The task — From the entries below, write out exactly the lines between the line holding "Полочные среднегрузовые стеллажи" and the line holding "Продава се къща в с. Пчелище", inclusive, excluding any pictures.

Dataset excerpts —
====
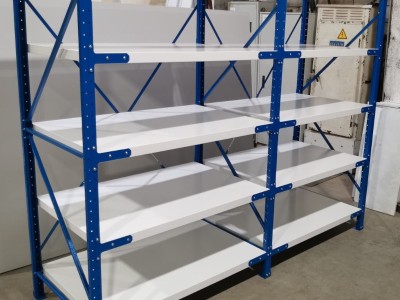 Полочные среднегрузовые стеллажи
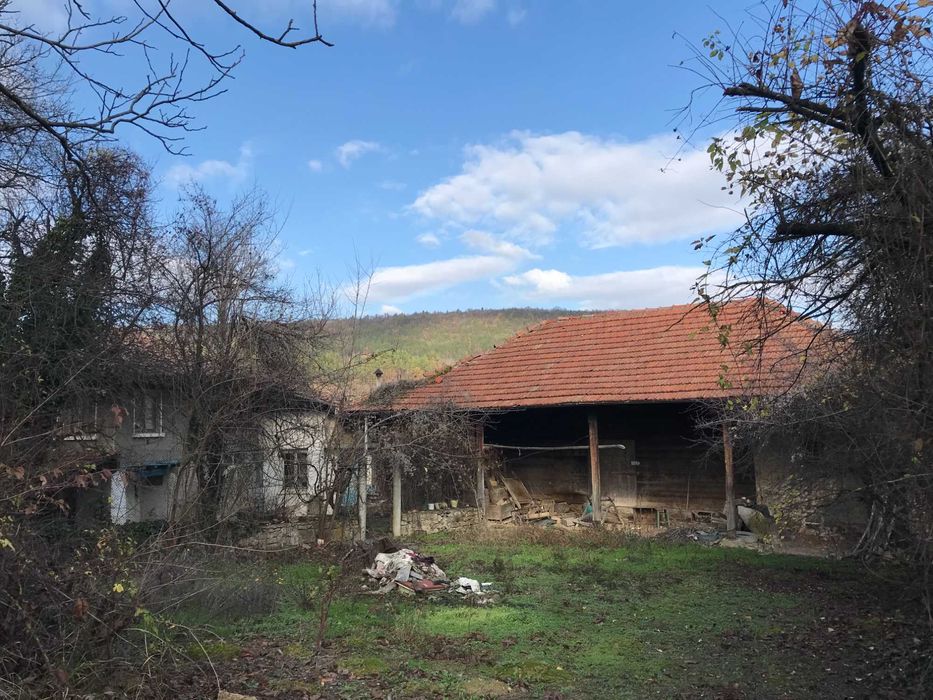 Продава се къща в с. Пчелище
====
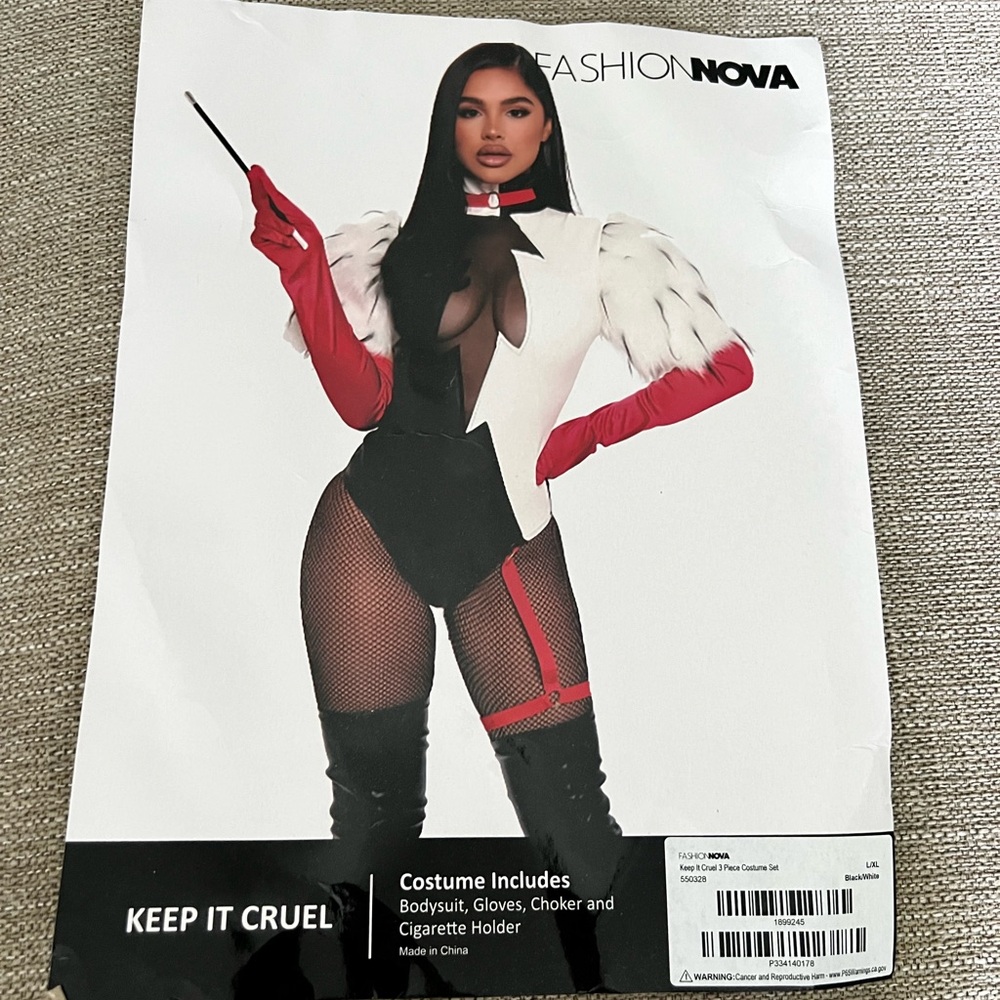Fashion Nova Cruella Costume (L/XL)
====
Response to the exercise —
 Полочные среднегрузовые стеллажи
 Продава се къща в с. Пчелище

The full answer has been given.